The Sting in the Tail

The danger of a daily average view is that price volatility is viewed as an outlier, not as the fundamental feature that it is.

The Sting in the Tail
Photo by Mathew Schwartz / Unsplash

Much has been said of the falling wholesale electricity price in the Australian grid. Low, and often negative, day time wholesale prices are driving lower average wholesale prices across the National Electricity Market.

At the other end of the scale too, an oft cited feature of the NEM is it has one of the highest market caps in the world: generators are allowed to bid up to $20,300/MWh. And on the rare occasions when no other option exists, that's what everyone pays.

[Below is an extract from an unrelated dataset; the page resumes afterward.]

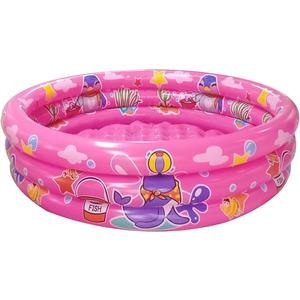 Big Summer 3 Rings Kiddie Pool, 48X12, Kids Swimming Pool, Inflatable Baby Ball Pit Pool, Small Infant Pool (Pink)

This feature provides a clear and attractive signal for market participants to ensure they can provide generation when the grid needs it most.

In theory this is a self-correcting force - as the price cap incentivises investment in supply, the opportunities to command a premium for it wane. But in fact, the volatility has sort of just stuck around.

In this article I explore the surprising impact that very rare, very high prices have on the overall wholesale price.

I'm using, for the basis of my study, the Aggregated Price and Demand Data that AEMO makes available. It shows the Demand and Regional Reference Price for each region (State), in each 5 minute trading interval. I consider the last 12 months of data to now (March 2026).

Time Domain Analysis

As a warm up, here are the average prices in each region for the 12 month period.

NSW QLD SA TAS VIC
Average MWh $101.45 $80.26 $92.86 $92.52 $75.25
Average MWh, weighted by demand $119.48 $90.71 $130.50 $98.67 $94.34

The simple average of each 5 minute interval is shown in the first row, but it's fairly meaningless. The money actually transacted is relative to the demand in that interval, so average price is usually best considered weighted by demand, as shown in the second row. The elevated figures suggest that low prices are correlated with low demand and/or high prices with high demand, so factoring in demand increases the average.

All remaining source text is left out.